El destape progresivo de la forma en que han venido manejándose los asuntos públicos indica que hay que cambiar cuanto antes la manera de actuar
Nunca antes en nuestro ambiente nacional se dio un brote de transparencia como el que ahora se hace sentir en todos los niveles y en todos los sentidos. Esto por supuesto no es casual, como lo hemos subrayado sistemáticamente en los tiempos recientes, ya que sin duda responde a la presión democratizadora que va tomando impulso progresivo desde que transitamos la posguerra iniciada hace ya casi un cuarto de siglo. Dicha presión es producto de la misma dinámica histórica, y eso la vuelve cada vez más invulnerable frente a las resistencias y los sabotajes que, según era previsible, no se han hecho esperar. Pero lo que vemos como signos verdaderamente alentadores son los movimientos que desde las diversas esferas de la ciudadanía trabajan sin tregua por avanzar hacia una institucionalidad más limpia y responsable y hacia una sociedad con más capacidad de volverse la principal fuerza del progreso.
Es fundamental para que la normalidad vaya ganando terreno, vigencia y relevancia que las estructuras y los mecanismos institucionales asuman las funciones que les corresponden de manera no sólo oportuna sino sobre todo confiable. No se justifica, bajo ningún concepto ni para ningún propósito, que las conductas indebidas, de la clase que fueren e independientemente de quienes sean los que las practiquen, queden protegidas por algún tipo de impunidad. Evidentemente las cosas están cambiando para bien en lo referente a sacar a luz vicios y desviaciones tradicionalmente sabidas y consentidas, como es el caso de los “sobresueldos” que se vienen repartiendo con fondos presuntamente reservados; pero falta mucho para que procederes de esa índole desaparezcan por completo.

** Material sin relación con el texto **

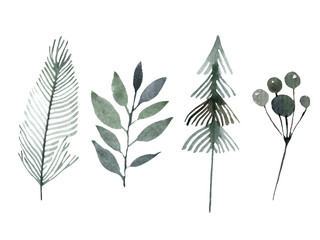 Cute forest icons. Scandinavian watercolor symbols. Woodland decoration illustration. Forest wildlife set graphics.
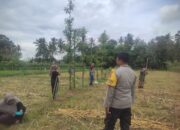 Ketahanan Pangan Banyumulek: Polisi Aktif Dampingi Petani Jagung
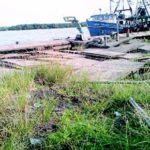 NIMASA partners Ministry of Agriculture against illegal fishing
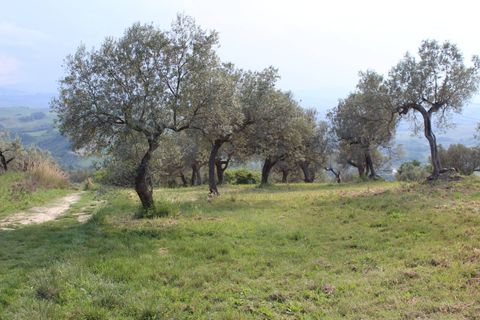 Terra a Monteodorisio, Chieti, Monteodorisio - € 18.000 | Ref: TA61 - foto 22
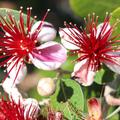 Feijoa (Acca sellowiana) Brasilianische Guave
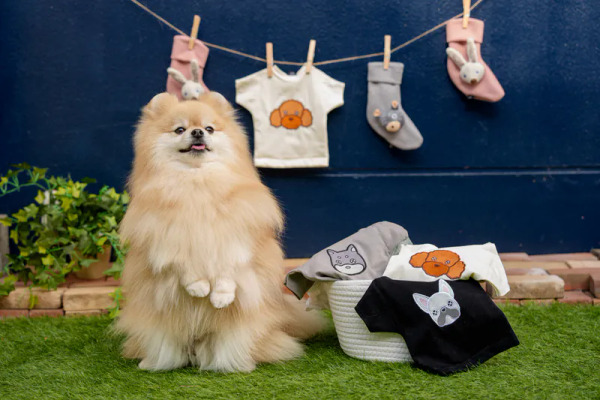 FAD 咬咬T 響紙玩具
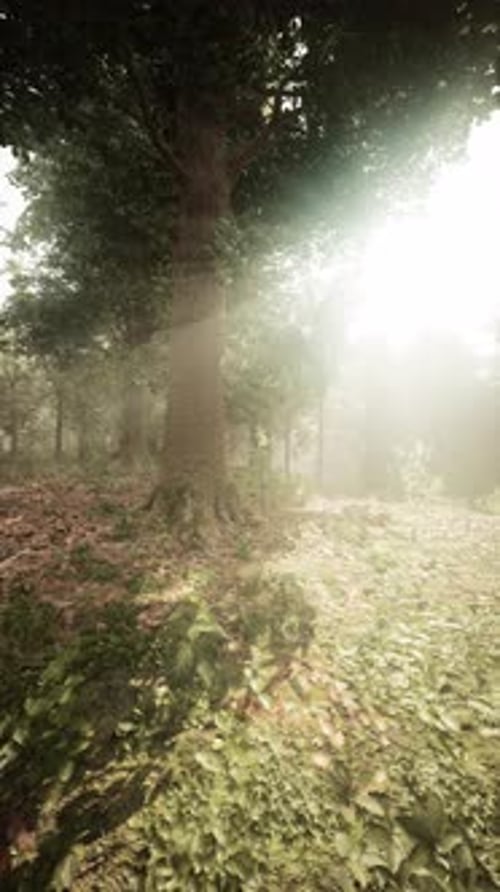 Sunlight Filters Through Trees in a Serene Forest During the Morning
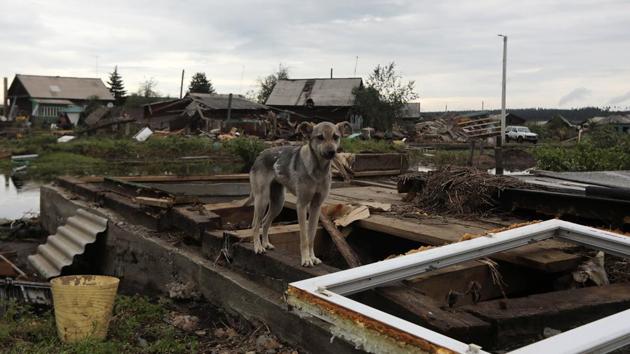 As of the middle of Friday, 22 people were reported dead, 15 people missing and over 330 hospitalized as a result of floods in the Irkutsk Region. Animals were seen stranded outside damaged homes. (Alexey Golovshchikov / REUTERS) As of the middle of Friday, 22 people were reported dead, 15 people missing and over 330 hospitalized as a result of floods in the Irkutsk Region. Animals were seen stranded outside damaged homes. (Alexey Golovshchikov / REUTERS)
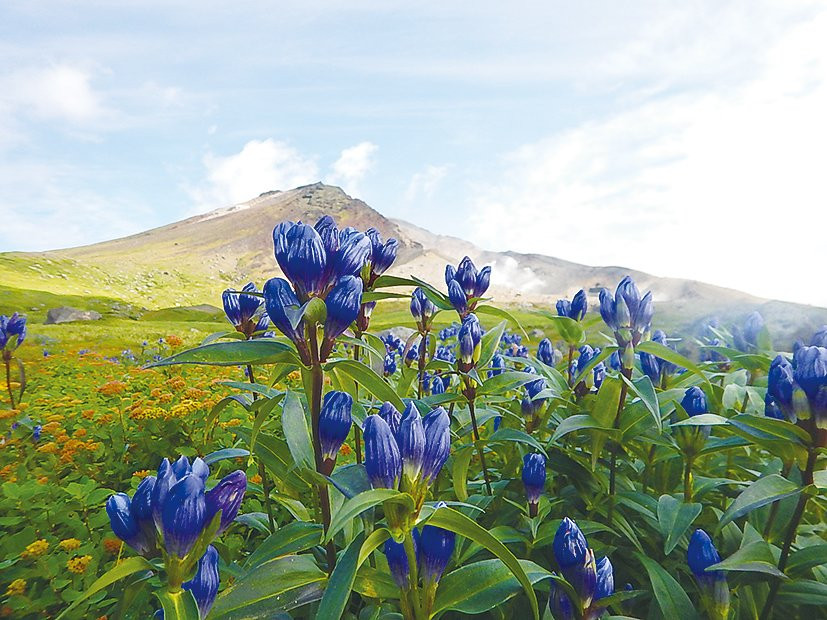 Daisetsuzan National Park-北海道必去景点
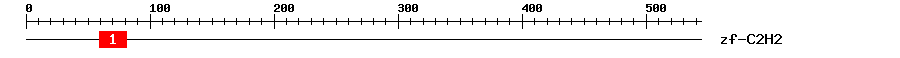Signature Domain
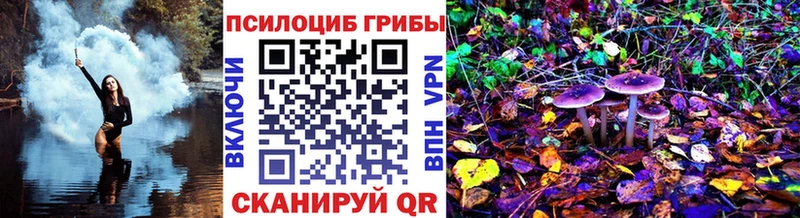 Псилоцибиновые грибы Magic Shrooms где купить МЕГА как зайти Ладушкин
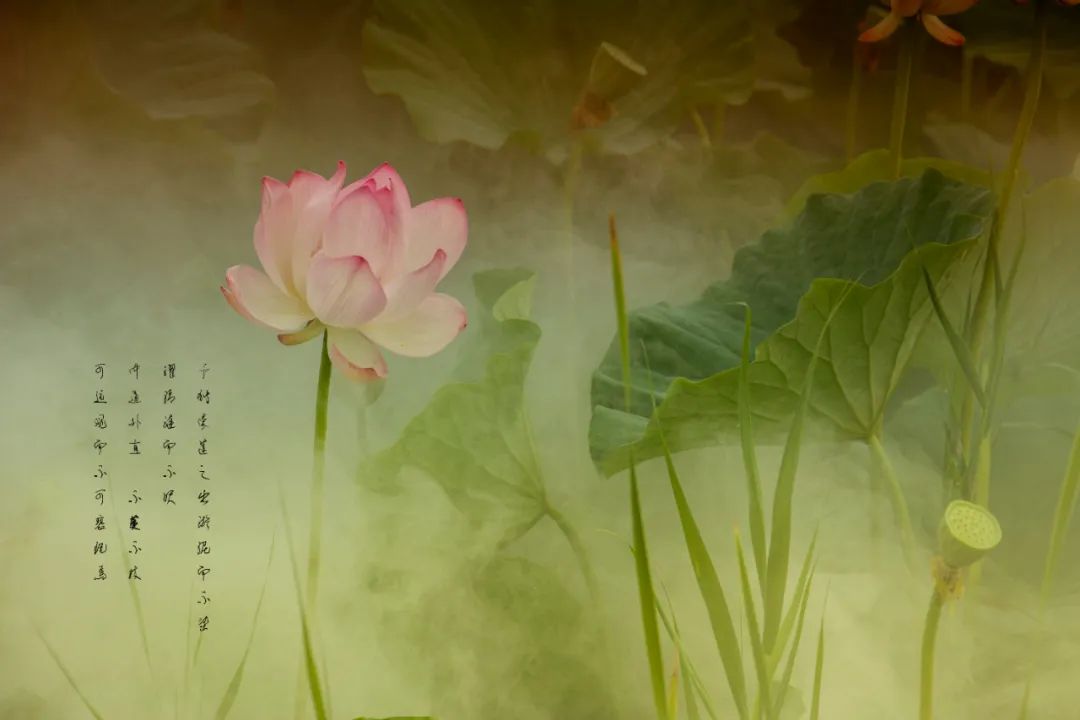 镜 · photo | 也说爱莲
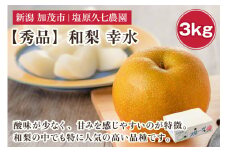 【2025年先行予約】新潟県産 和梨 幸水 3kg 【秀品】《8月中旬から順次出荷》 こうすい なし 果物 フルーツ デザート ジューシー シャキシャキ  加茂市 塩原久七農園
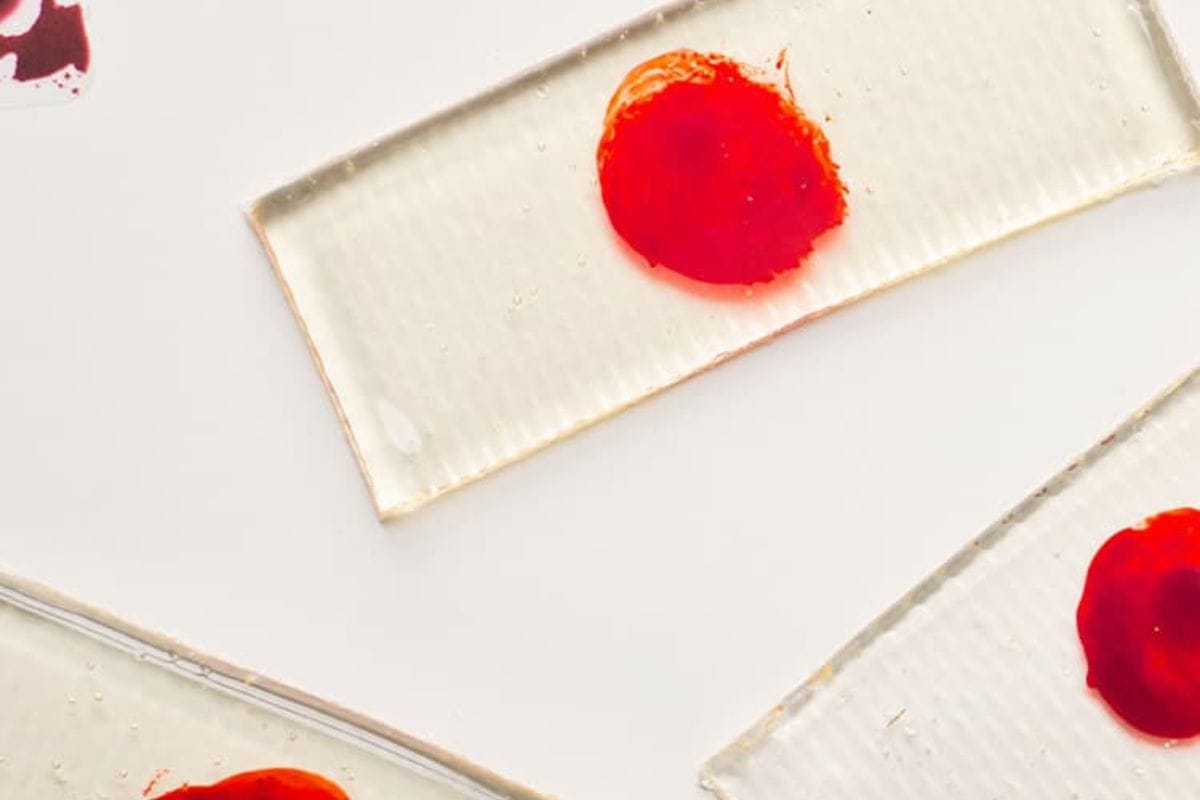 A close-up of two rectangular clear candies, possibly made from gelatin or hard candy, with a red circular substance on top, resembling blood smears on microscope slides.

El punto clave es la generación de confianza, no sólo dentro de los espacios institucionales sino también, y muy especialmente, en los distintos ámbitos de la sociedad. Sólo una confianza bien cimentada produce seguridad y genera estabilidad, que tanto se necesitan para que el país en su conjunto entre en fase de progreso sustentado y creciente.
No se trata de un simple ejercicio de mea culpa ni de andar señalando culpables históricos de lo que viene dándose entre nosotros con efectos tan destructivos: se trata de concertar fuerzas y esfuerzos para dirigirse en la línea de las soluciones que tengan sentido y futuro. Nada va a cambiar sustantivamente si no se da un proceso de rectificación que depure la institucionalidad en todas las formas que se haga preciso.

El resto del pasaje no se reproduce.